A Magny-Cours, invece, ebbe un diverbio in pista con il compagno di squadra, prontamente risolto alla ripartenza (causa un violento temporale che si abbattè sul circuito francese) dal momento che Patrese… lo lasciò passare.
Fu poi la volta di Silverstone, dove Mansell toccò il culmine delle potenzialità della FW14B: in seguito ad un già ottimo 1.19.3 durante il turno di qualifica, Nigel chiese espressamente al team di montare un treno di pneumatici nuovi perchè era convinto che la macchina potesse fare di più.
Nel secondo run scese sull’1.18.965, mostrando alla curva Copse una velocità superiore di 29 km/h rispetto a Patrese, ed addirittura di 40 km/h rispetto al brasiliano della McLaren.
La gara, nemmeno a dirlo, fu perfetta ottenendo un’altra vittoria, replicata poi sull’Hockenheimring tedesco.

Il finale di stagione, tuttavia, riservò delle perle molto amare per il britannico della Williams: i contatti della scuderia di Grove prima con Alain Prost e poi con Ayrton Senna lo mandarono su tutte le furie, ma fu un altro motivo a fargli prendere la decisione di chiudere il 1992 per poi trasferirsi in America sulle Indycar.
Nelle ultime gare Mansell aveva perso motivazione, si sentiva stanco ed aveva voglia di cambiare aria: a niente servirono gli sforzi di Frank Williams (assieme a quelli di Ron Dennis per l’eventuale opzione McLaren) nel farlo tornare sui suoi passi.
Così facendo ottenne due secondi posti in Ungheria ed in Belgio, con un’ultima vittoria all’Estoril.
Negli altri GP fu sempre costretto al ritiro: a Monza per il cedimento della pompa idraulica, in Giappone per l’unico KO del motore Renault (in una Suzuka in cui trionfò Patrese) ed in Australia per un contatto fin troppo aspro con il solito Senna.
Ma nonostante tutto, Nigel raggiunse ciò per cui aveva lottato duramente: era finalmente diventato Campione del Mondo.

Eccoci arrivati alla conclusione di questa monografia: riassumendo il palmares della Williams-Renault FW14 (compresa la versione Bis), troviamo 17 vittorie, altrettanti 21 piazzamenti sul podio, un secondo ed un primo posto in classifica Costruttori (rispettivamente nel 1991 e nel 1992) ed un Titolo Piloti, ottenuto da Nigel Mansell con la splendida FW14B.

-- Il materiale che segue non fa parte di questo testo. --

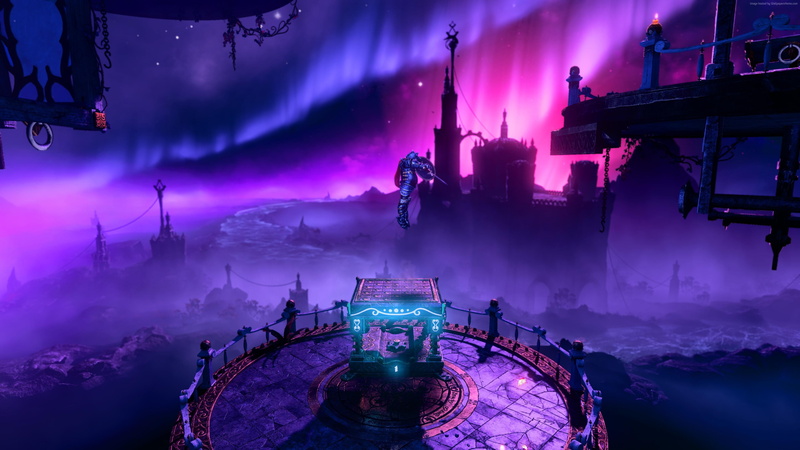 environment, mountain, fog, cloud - sky, sky, night, architecture, event, illuminated, game, PC, Trine 3: The Artifacts of Power, nature, arcade, no people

Per l’epoca in cui venne progettata ed a fronte di tutti gli accessori elettronici di cui disponeva, fu sicuramente la monoposto più tecnologicamente avanzata che potesse esistere e che poi dette vita ad una serie di vetture in cui il progresso ingegneristico potè continuare senza sosta.
Le linee eleganti, il rombo del motore Renault V10, quella livrea giallo-blu… sì, è senza ombra di dubbio “l’auto venuta da un altro pianeta”.